Este Esposo é cheio de
zelo. Se, acaso, acolheres um outro amante, ou te empenhas em agradar mais a um
outro, ele logo se afasta de ti e se une a outras virgens fiéis.
É delicado esse Esposo, é
nobre, é o mais belo dos filhos dos homens (Sl 45,3), e assim, não quer ter uma
esposa senão perfeitamente bela. Se ele vir em ti uma mancha, ou uma ruga, logo
desvia o seu olhar.
Ele não suporta nenhuma
impureza. Sê, pois, casta, sê reservada e humilde, para merecer a visita
freqüente do teu Esposo.
Temo que este discurso se
tenha prolongado demais, mas a matéria abundante me obrigou a isto, assim como
a sua doçura. Não prolonguei por minha espontânea vontade, foi o seu encanto
que me arrastou sem sentir.
XII - Recapitulação do que foi dito
Para que se possa ver
melhor em conjunto o que foi dito em forma mais desenvolvida, vamos
recapitulá-lo em resumo.
Assim como foi notado nos
exemplos propostos, podes ver como os ditos degraus se ligam uns aos outros
entre si. E como um precede a outro, tanto no tempo, como na casualidade.
Qual primeiro fundamento,
vem a leitura. Ela fornece a matéria e nos leva à meditação.
A meditação, por sua vez,
perscruta com maior diligência o que se deve desejar, e como que cavando, acha
e mostra o tesouro. Mas, como não pode por si mesma obtê-lo, leva-nos à oração.
A oração, elevando-se a
Deus com todas as suas forças, obtém o tesouro desejável, a suavidade da
contemplação.
Sobrevindo a contemplação,
ela recompensa o trabalho dos três degraus referidos, embriagando. a alma
sedenta com o orvalho da doçura celeste.
A leitura é feita segundo
um exercício mais exterior; a meditação, segundo uma inteligência mais
interior; a oração, segundo o desejo; a contemplação passa acima de todo
sentido.
O primeiro degrau é dos
principiantes; o segundo, dos que progridem; o terceiro, dos fervorosos; o
quarto, dos bem-aventurados.
XIII - Como os mesmos degraus são ligados uns aos
outros
Estes degraus são de tal
modo ligados, e de tal forma servem uns aos outros, que os precedentes pouco ou
nada aproveitam sem os seguintes, e os seguintes, por sua vez, nunca ou só
raramente, podem ser adquiridos sem os precedentes.
Que adianta, com efeito,
ocupar o tempo em contínua leitura, percorrer os feitos e os escritos dos
santos, se não exprememos o seu suco, mastigando e ruminando, e não o passamos
até ao mais íntimo do coração, engolindo, a fim de por eles considerarmos
diligentemente o nosso estado, e cuidarmos de praticar as obras daqueles cujos
feitos queremos ler freqüentemente?
Mas, como haveremos de
cogitar estas coisas, ou como poderemos evitar que, meditando coisas erradas e
vãs, se transgridam os limites constituídos pelos santos Pais, a não ser que
sejamos antes instruídos a tal respeito pela leitura ou pelo ensino?
O ensino, de certo modo,
se relaciona com a leitura, o que nos leva habitualmente a dizer que lemos para
nós mesmos ou para os outros, mas também o que ouvimos dos mestres.

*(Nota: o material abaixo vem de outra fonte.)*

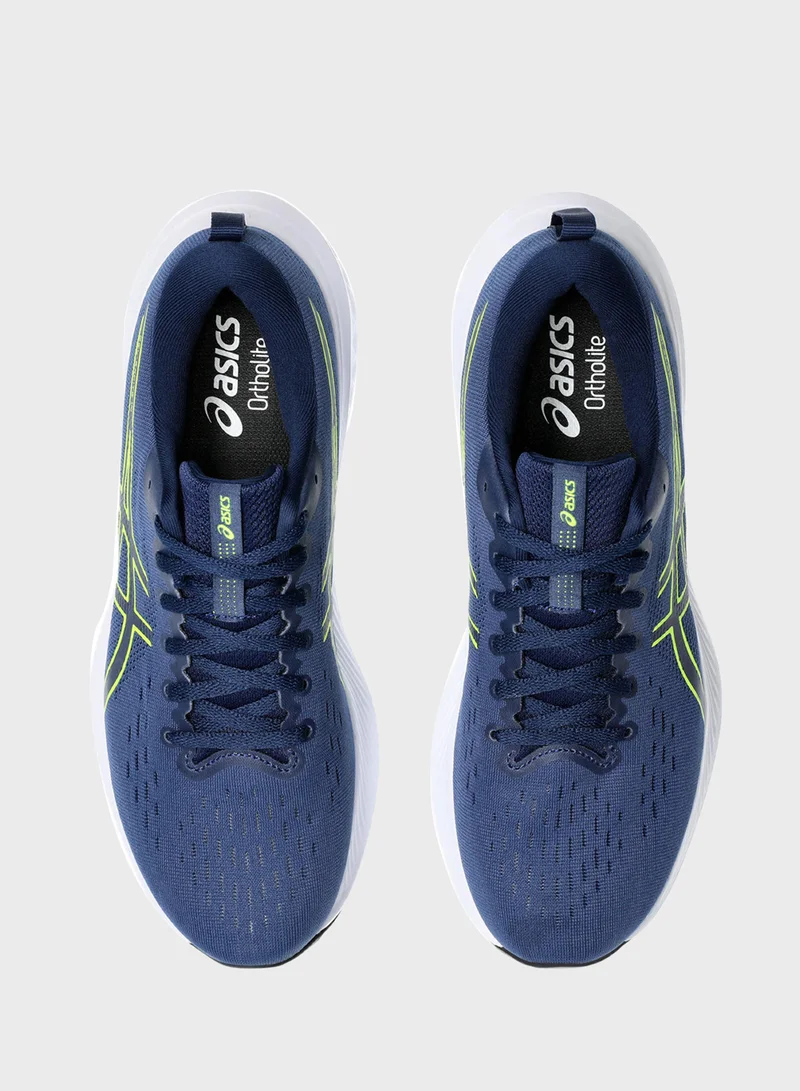 asics Gel-Excite 10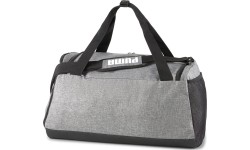 Torba sportowa Puma Challenger Duffel Bag Grey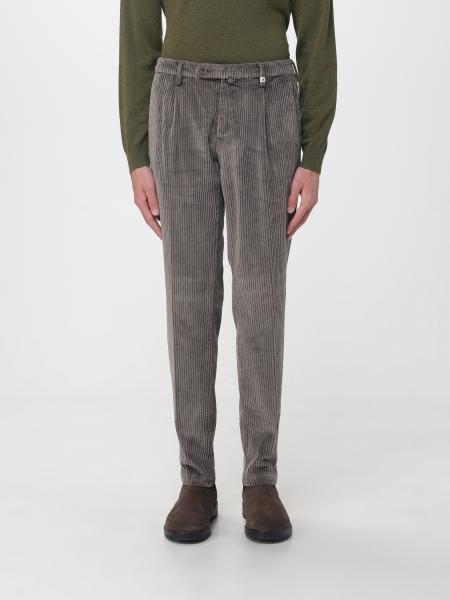 Pants men Myths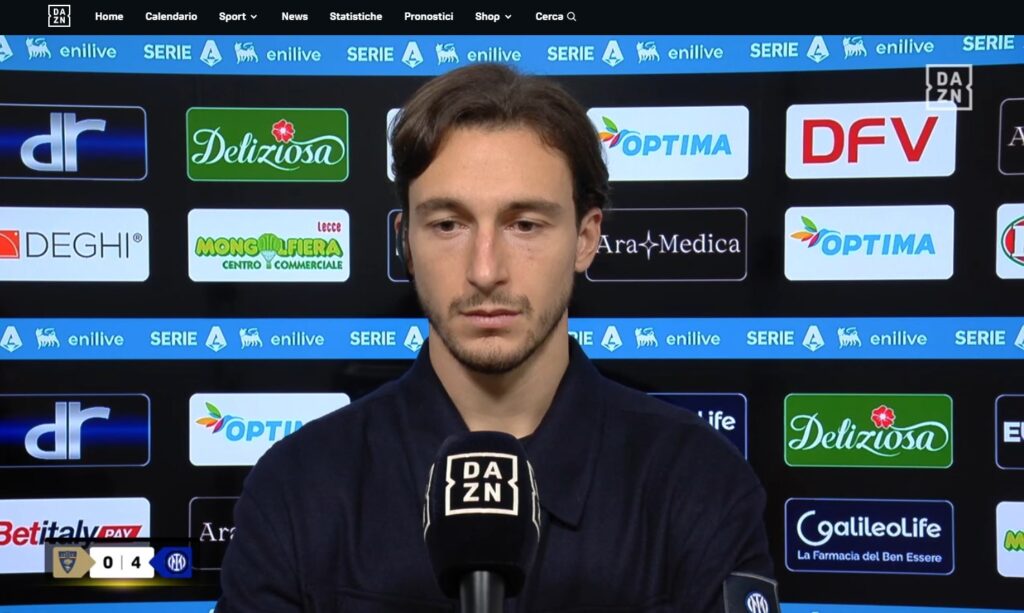Darmian
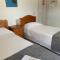 Apartamentos Mar Azul Arinaga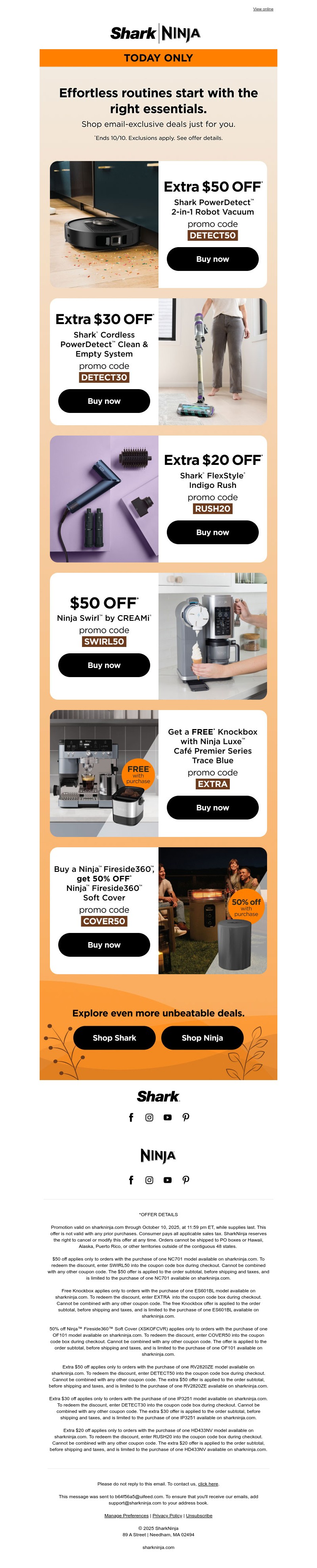 Screenshot of email with subject /media/emails/78d558fc-e2d3-4c73-a77b-96afa5e5e567.jpg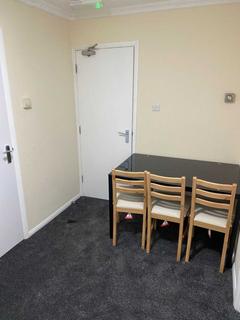 undefined, Lane End, Hatfield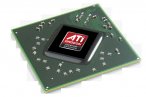 ATI Mobilty Radeon HD 4860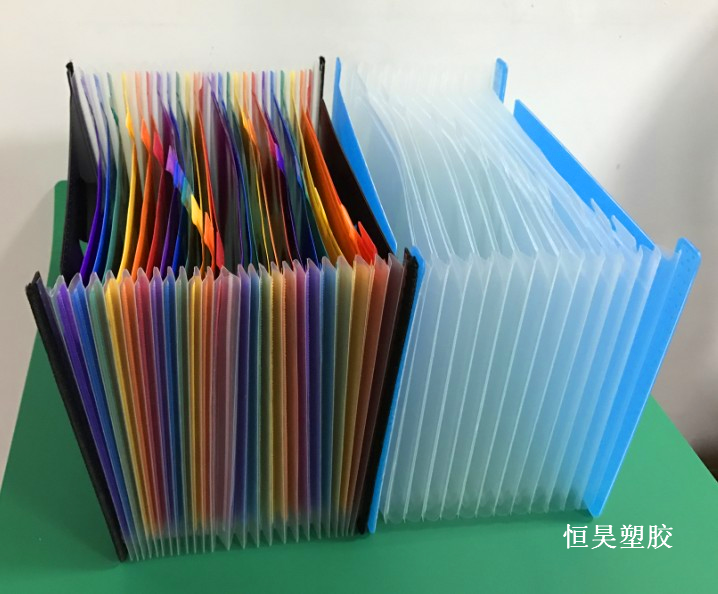 pp-风琴包 风琴
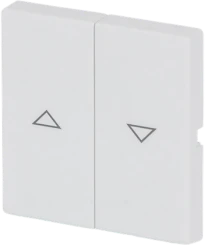 1785 JA-884 - 2CKA001751A3022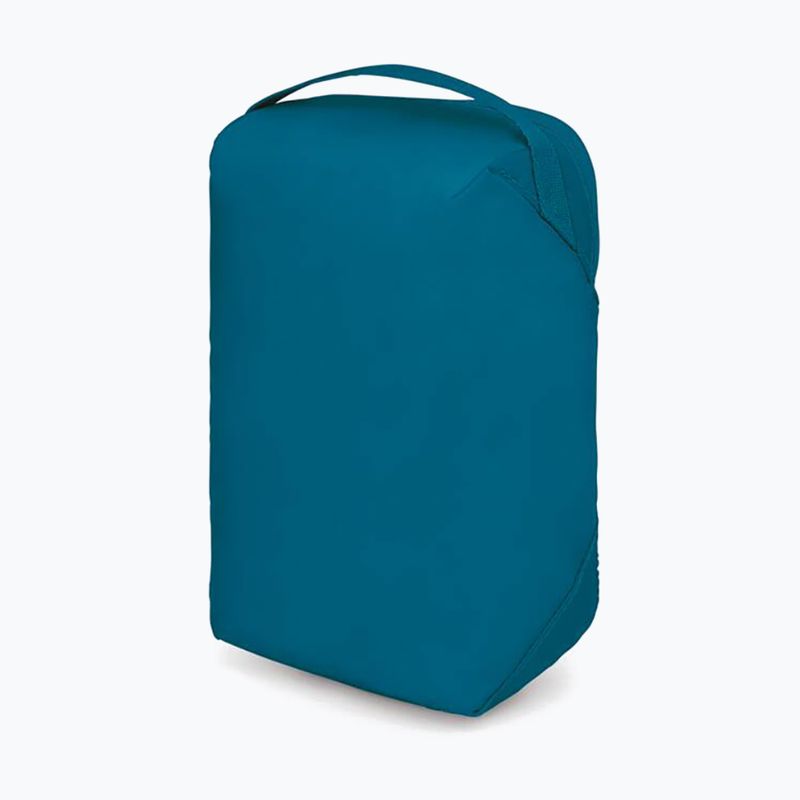 "Osprey Packing Cube" 2 l vandens pakrantės mėlyna kelionių organizatorė 3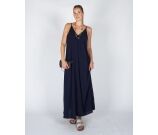 Kleur Blauw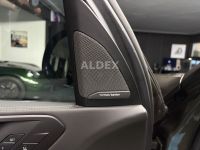 BMW X5 - Vorschau Bild 39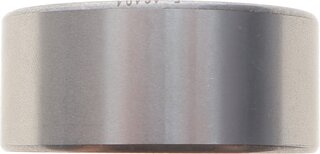 Fersa F 16101
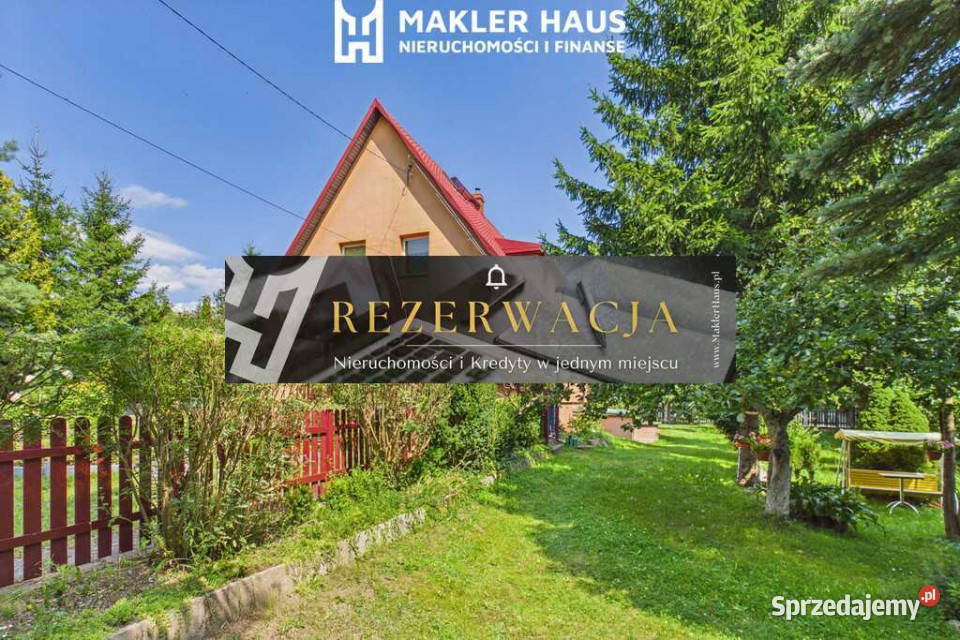 Mieszkanie dom własna działka 685 m warmińsko-mazurskie Gołdap sprzedam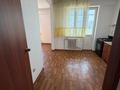 2-комнатная квартира · 68 м² · 3/5 этаж, Бирлик за 26 млн ₸ в Талдыкоргане — фото 6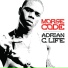 Adrian C. Life
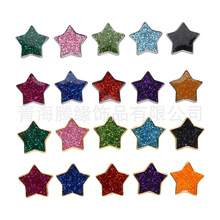 8mm�����������Ǵ����Ʒ���DIY����耳���֙C��Ʒ���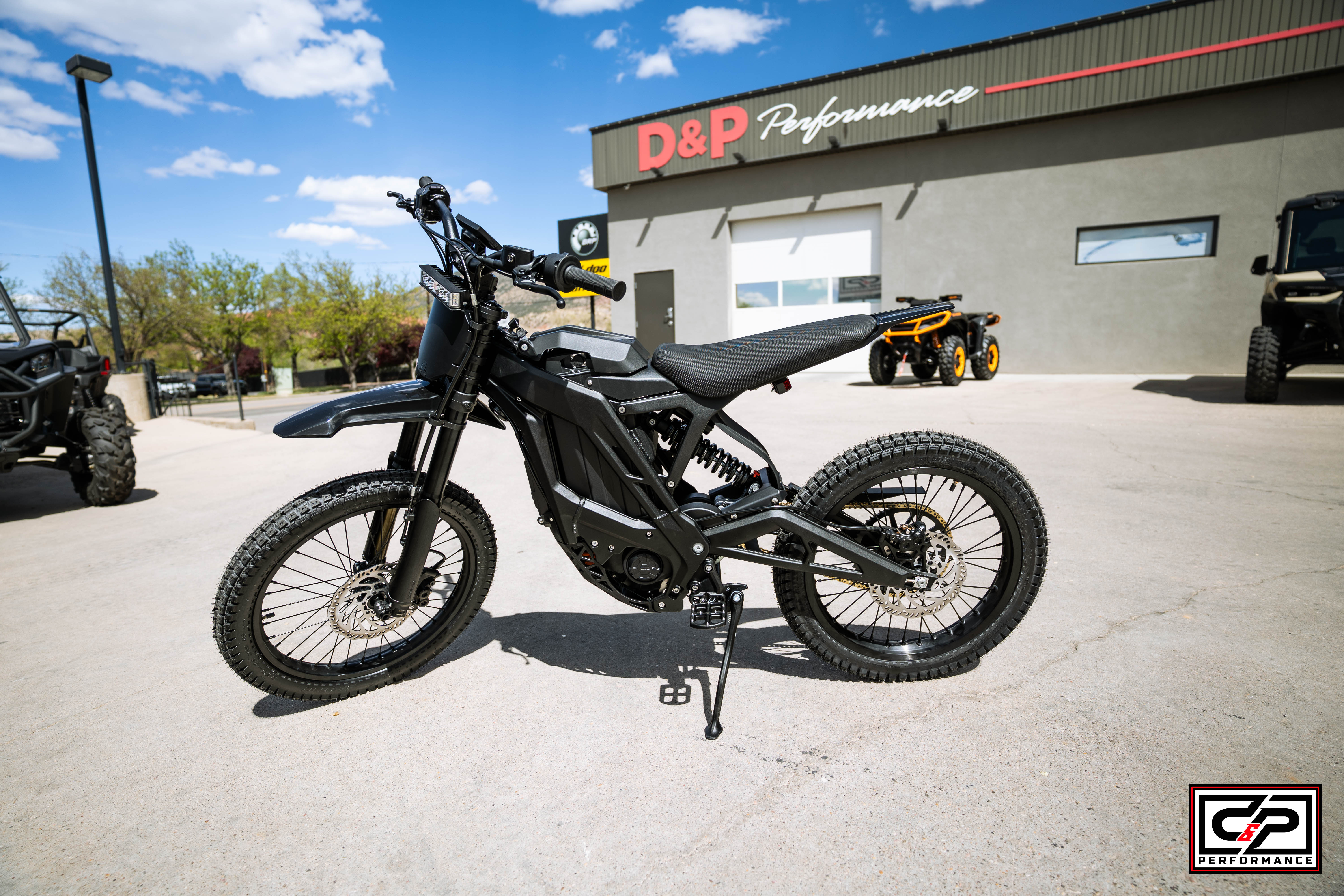 2026 ERIDE PRO SS 3.0 - Image 1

Igualmente, que vale ao homem ver pela meditação o que deve praticar, se
não pode fazê-lo senão pelo auxilio da oração e pela graça de Deus? Porque todo
dom excelente e todo dom perfeito vem de cima e desce do Pai das luzes (Tg
1,17).
Sem ele nada podemos, ao
passo que ele faz em nós as obras, mas não sem nós. Pois somos cooperadores de
Deus (1Cor 3,9), como diz o Apóstolo. Deus quer que lhe supliquemos, quer que
abramos à graça que vem e bate à porta, o seio da nossa vontade, e lhe demos o
nosso consentimento.
O Senhor exigia esse
consentimento da Samaritana, quando dizia:
Chama o teu marido (Jo
4,16), como se dissesse: Quero te infundir a graça; aplica o teu livre
arbítrio.
Dela exigia a oração: Se
soubesses o dom de Deus, e quem é que te diz: Dá-me de beber, serias tu que lhe
terias pedido a água viva (ib.1 O).
Inflamada, pois, pelo
desejo, volta-se para a oração, dizendo:
Senhor, dá-me desta água,
a fim de que eu não tenha mais sede. Assim, portanto, a palavra do Senhor que
ouvira e depois meditara, a incitou à oração.
Como haveria de tomar-se
solícita na súplica, se antes, a meditação não a tivesse feito arder? Ou de que
lhe serviria a precedente meditação, se a oração seguinte não obtivesse o que
aquela lhe mostrara?
Para que seja, pois,
frutuosa a meditação, é preciso que se lhe siga o fervor da oração, da qual é
como um efeito a doçura da contemplação.